→ Instructions to follow:
The entries that follow need to be reproduced exactly, minus any images.

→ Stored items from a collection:
----

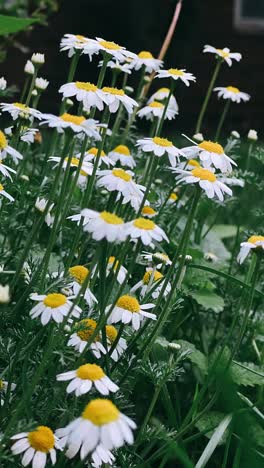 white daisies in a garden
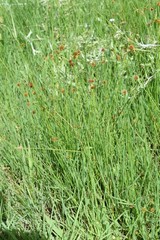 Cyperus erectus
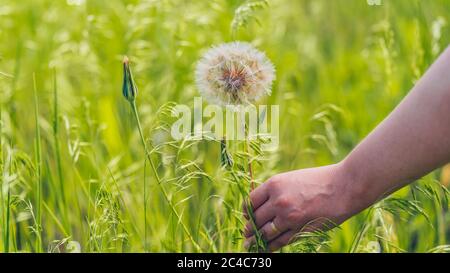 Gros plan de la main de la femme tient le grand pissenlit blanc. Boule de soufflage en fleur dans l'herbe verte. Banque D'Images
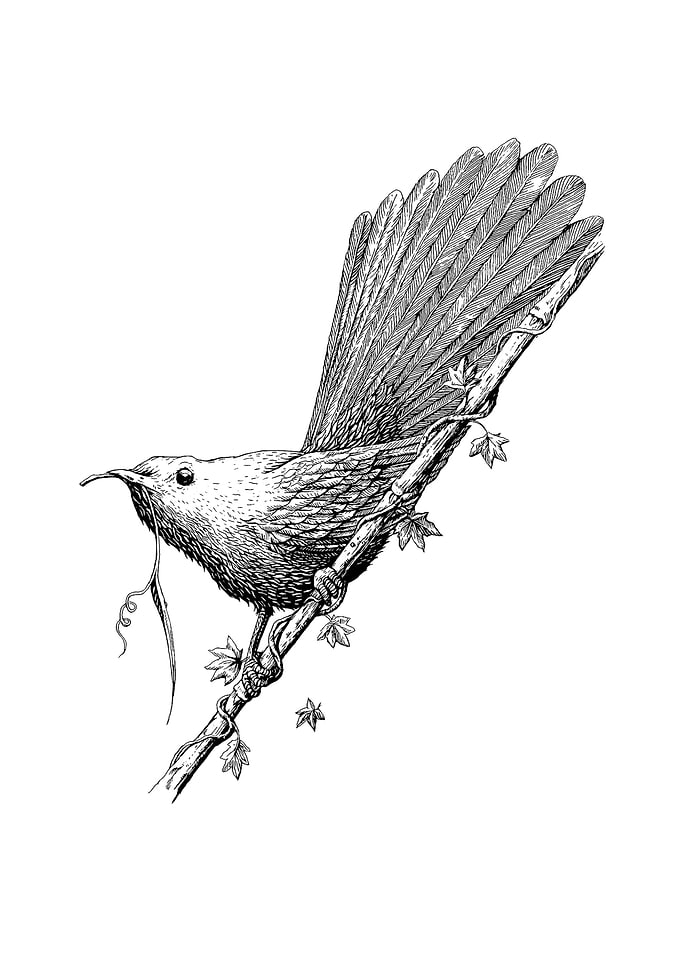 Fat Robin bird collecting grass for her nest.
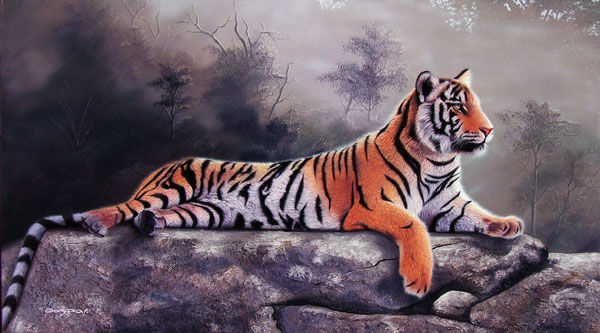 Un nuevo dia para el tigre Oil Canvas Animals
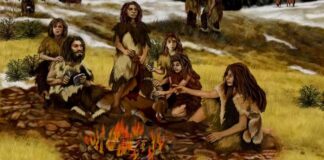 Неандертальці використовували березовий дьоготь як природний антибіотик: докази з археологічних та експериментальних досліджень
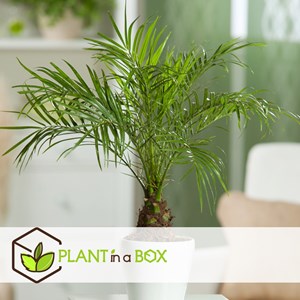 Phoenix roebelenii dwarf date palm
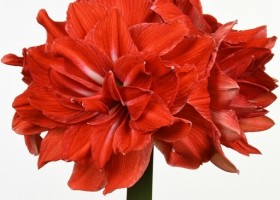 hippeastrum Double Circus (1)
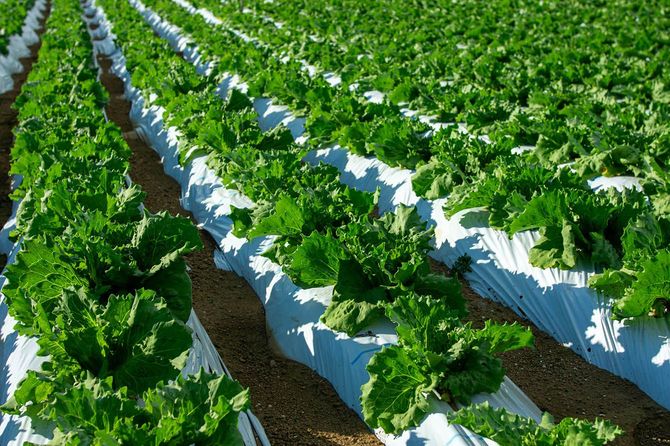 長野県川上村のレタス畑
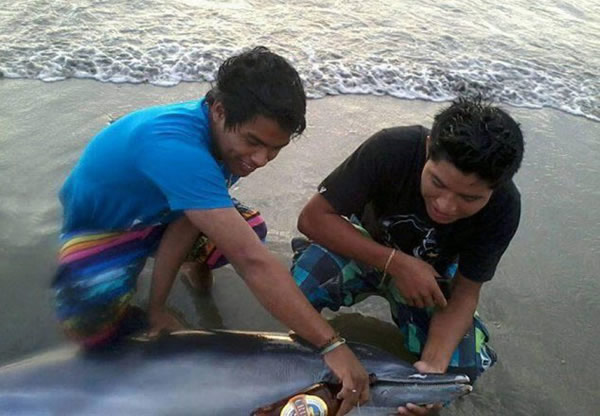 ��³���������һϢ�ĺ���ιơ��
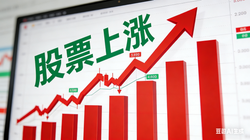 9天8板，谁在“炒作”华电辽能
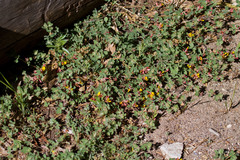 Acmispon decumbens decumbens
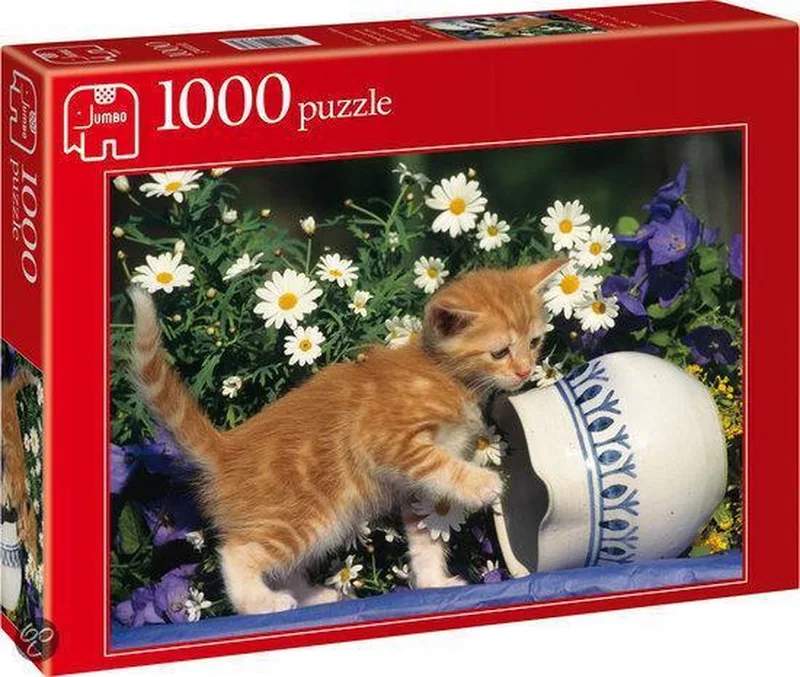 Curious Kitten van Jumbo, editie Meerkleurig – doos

----

→ Exercise result:
 white daisies in a garden
 Cyperus erectus
 Gros plan de la main de la femme tient le grand pissenlit blanc. Boule de soufflage en fleur dans l'herbe verte. Banque D'Images
 Fat Robin bird collecting grass for her nest.
 Un nuevo dia para el tigre Oil Canvas Animals
 Неандертальці використовували березовий дьоготь як природний антибіотик: докази з археологічних та експериментальних досліджень
 Phoenix roebelenii dwarf date palm
 hippeastrum Double Circus (1)
 長野県川上村のレタス畑
 ��³���������һϢ�ĺ���ιơ��
 9天8板，谁在“炒作”华电辽能
 Acmispon decumbens decumbens
 Curious Kitten van Jumbo, editie Meerkleurig – doos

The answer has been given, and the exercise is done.